This post from business author and speaker Anita Agers-Brooks offers wonderful literary gifts ideas if you are still have people on your Christmas gift list. I love that writing gifts can be personalized. From the twelve ideas Ms. Angers-Brooks lists, I especially like #1, #2, #10, and #11. #10 concerns using puns as gifts ideas, and I have a definite weakness for punny humor.
I have to exercise some imagination here because I try to get all my shopping done in November to avoid the crowds of holiday shoppers.
The cozy smells of cinnamon and baking bread wafting from the coffee shops taunt the strained faces and aggressive gestures of the shoppers, who push, stalk, and shove their way to their destinations. The Christmas carols blaring from hidden speakers also sing of a mood absent from the crowd it wraps in its cheery melodies. But, maybe, a few shoppers will escape the press of people, squeeze into a coffee shop, and let the tastes of the season remind them why they are doing what they are doing. Then the carols will feel as sweet as they sound.
Of course, it’s hard to think of December without thinking of Christmas. The whole month seems to be nothing but a headlong rush to the 25th. But I want to discuss some other ways to use December before I get to the gigantic holiday at the end of it.
Winter Solstice — The shortest day of the year seems like a good setting for a clash between the forces of good and evil in any genre. I have an idea for a story of crime fiction where a serial killer is finally confronted during sunset on this day. A work of speculative fiction could give a fantastic meaning to the solstice.
School break — My kids finish their first semester at the start of Christmas vacation. The break would be a good setting for wrapping up a school story or kicking one off.
Christmas — So much has been written about, during, and because of this holiday, it’s difficult to find something fresh to say. And yet those of us writers who love the holiday always want to try. If you want to write a Christmas story, I encourage you to examine your own experiences and traditions to give your story a unique quality, whether it is a plot, voice, or character.
Here’s my idea:
The Lody family live in a cramped trailer in the remote mountains of West Virginia and must do their laundry at the Laundromat in the county seat miles away. Seventeen-year-old Junior Lody sees an ad online for a stackable washer and dryer while working Christmas Eve. He enlists the help of his brother, cousin, and uncle to take a road trip to get the washer-dryer in Maryland and bring it home in time for Christmas.
I like the idea of a road trip during Christmas because with the winter weather, especially in the mountains, so much can go wrong. Also, the deadline of getting a gift in time for Christmas Day gives the character’s an urgent motive.
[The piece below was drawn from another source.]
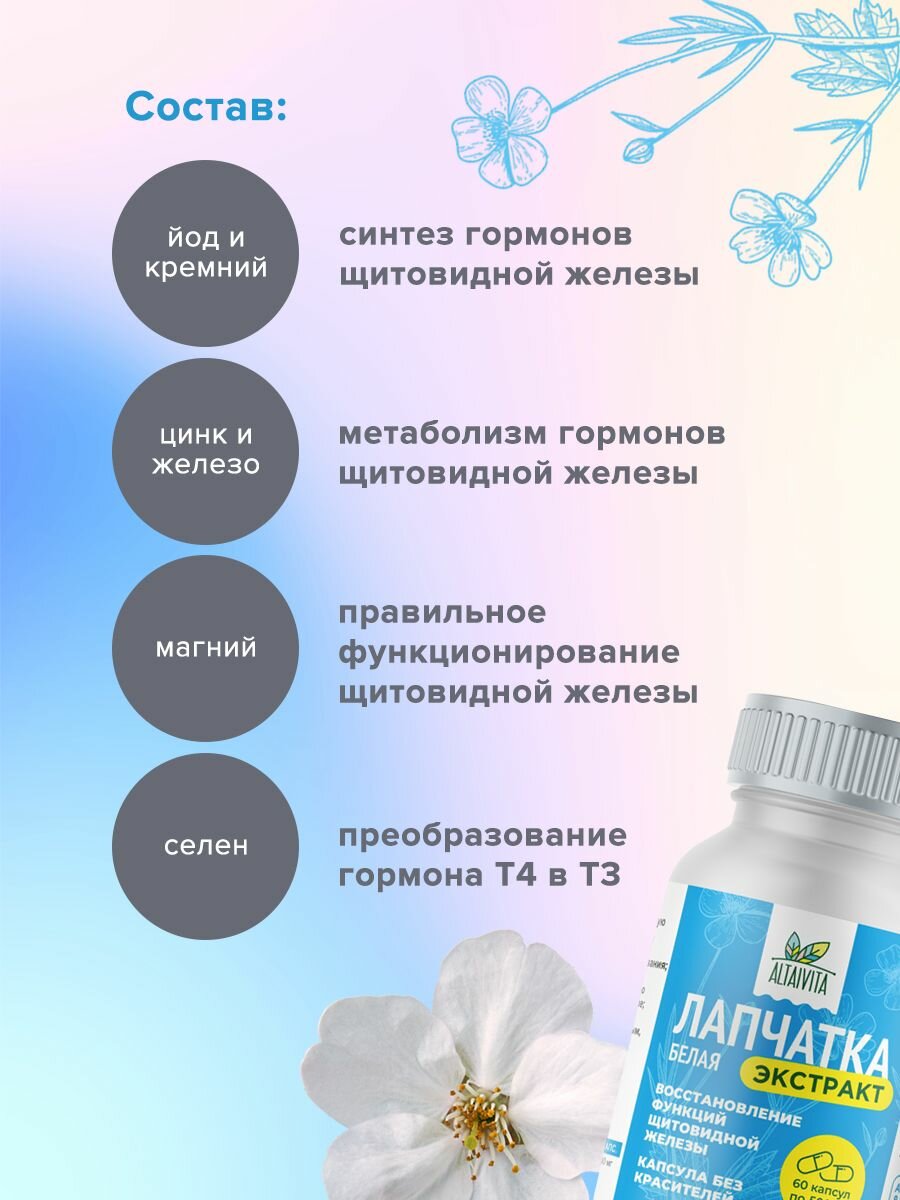 Картинки Лапчатка белая, экстракт для щитовидной железы 60 капсул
Some of the most interesting holiday events are the unplanned, unforeseeable holiday disasters. As long as they aren’t tragic, these disasters can provide inspiration for your writing. Sharing disaster stories is one of my families favorite pastimes when we get together. Everyone who was involved pitches in during the retelling. A camaraderie develops between the people who weathered the disaster. That bond alone is enough reason to write down family disaster stories, polish them, and if you think it would make a nice gift, give the finished product to those who lived the story.
When I was in high school, my parents had both been sick in December, so holiday activities were postponed or cancelled. It was just a few days before Christmas, and we still didn’t have a tree. I drove my junior high-aged sister and my elementary school-aged sister to the local church where we always bought our cut tree.
But when we pulled into the parking lot, no trees were on display, no person taking money from customers. The only sign that the Christmas tree farmer had used the lot were four or five Christmas trees thrown down beside the lot. I didn’t know what to do.
Junior high sis took charge. Yelling at the top of her lungs, she asked, “Does anybody want any money for this tree?”
The trees were ours. We loaded one into the station wagon, placed a sister in the back because there was no room in the front seat, and headed home with our hot, I mean free, tree. It’s one of my favorite Christmas memories.
The Christmas I was nineteen is know in my family as the Year of the Plague. On Christmas Eve, starting with me, a stomach virus felled each member of my family until by Christmas morning, only my dad was left standing. Collapsed around the house, the rest of us lay wondering if death really was such a bad option.
My oldest sister, coming in that morning from out of town, stayed at my grandparents. She really enjoyed the extra time with them. I believe the Year of the Plague is one of her favorite Christmas memories.